1.Executive will not, during the term of Executive’s employment with Sears or thereafter, and other than in the performance of his duties and obligations during his employment with Sears or as required by law or legal process, and except as Sears may otherwise consent or direct in writing, reveal or disclose, sell, use, lecture upon or publish any “Sears Confidential Information” (as defined in subsection (a)(2) below) until such time as the information becomes publicly known other than as a result of its disclosure, directly or indirectly, by Executive.
2.For purposes of this Agreement, “Sears Confidential Information” means trade secrets and non-public information which Sears designates as being confidential or which, under the circumstances, should be treated as confidential, including, without limitation, any information received in confidence or developed by Sears, its long and short term goals, vendor and supply agreements, databases, methods, programs, techniques, business information, financial information, marketing and business plans, proprietary software, personnel information and files, client information, pricing, and other information relating to the business of Sears that is not known generally to the public or in the industry.
3.All documents and other property that relate to the business of Sears are the exclusive property of Sears, even if Executive authored or created them. Executive agrees to return all such documents and tangible property to Sears upon termination of employment or at such earlier time as Sears may request Executive to do so.

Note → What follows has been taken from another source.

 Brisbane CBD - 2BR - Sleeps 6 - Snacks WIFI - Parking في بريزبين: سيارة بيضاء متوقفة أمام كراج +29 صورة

4.Defend Trade Secrets Act of 2016 Immunity. The confidentiality obligations in this Agreement shall not prohibit you, and you shall be immune from any criminal or civil liability under any Federal or State trade secret law for: (A) the disclosure of a trade secret that is made in confidence to a Federal, State, or local government official, either directly or indirectly, or to an attorney; and is made solely for the purpose of reporting or investigating a suspected violation of law; or (B) is made in a complaint or other document filed in a lawsuit or other proceeding if such filing is made under seal.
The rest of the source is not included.